Unfortunately, problems such as the OP's seem to happen with all financial institutions. They are quite capricious and may be related to factors not obvious to the consumer, such as whether the particular bank abroad does or does not have an agreement with your host institution, or incompatible security systems, PIN numbers, Chips, etc. As a long ago immigrant to Canada, I originally chose Scotiabank because it has a global presence. I travel widely and Scotiabank has never yet left me in the lurch. (Disclaimer: I have no financial interest in Scotiabank).

I am sorry to hear that the OP had this problem.
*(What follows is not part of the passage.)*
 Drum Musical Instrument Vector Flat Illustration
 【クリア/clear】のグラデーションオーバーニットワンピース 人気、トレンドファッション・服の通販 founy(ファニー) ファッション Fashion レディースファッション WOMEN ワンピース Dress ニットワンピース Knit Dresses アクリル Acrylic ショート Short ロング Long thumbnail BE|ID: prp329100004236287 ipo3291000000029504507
My suggestion would be to always have backup plans to access finances when traveling.


----------



## fraser (May 15, 2010)

Absolutely. We travel with several credit cards and several debit cards. And we do not keep them in the same place in case of theft. Yes, we have had issues from time to time.

Had major issues with our Chase Bank Visa (no admin charges added to fx charges) but these seem to hav been rectified. no more issues since. 

My recommendation would be to never travel with just one type of credit card or one debit card. A security glitch can easily render one of these cards useless.


----------



## Causalien (Apr 4, 2009)

fraser said:


> Absolutely. We travel with several credit cards and several debit cards. And we do not keep them in the same place in case of theft. Yes, we have had issues from time to time.
> 
> Had major issues with our Chase Bank Visa (no admin charges added to fx charges) but these seem to hav been rectified. no more issues since.
> 
> My recommendation would be to never travel with just one type of credit card or one debit card. A security glitch can easily render one of these cards useless.


All debit cards have a daily and weekly withdraw limit. I bumped into this with TD and a call promptly solved my problem. It could happen to any card. Since Germany is mostly cash based economy, lots of americans will bunp into this problem as we need more cash instead of using credit cards.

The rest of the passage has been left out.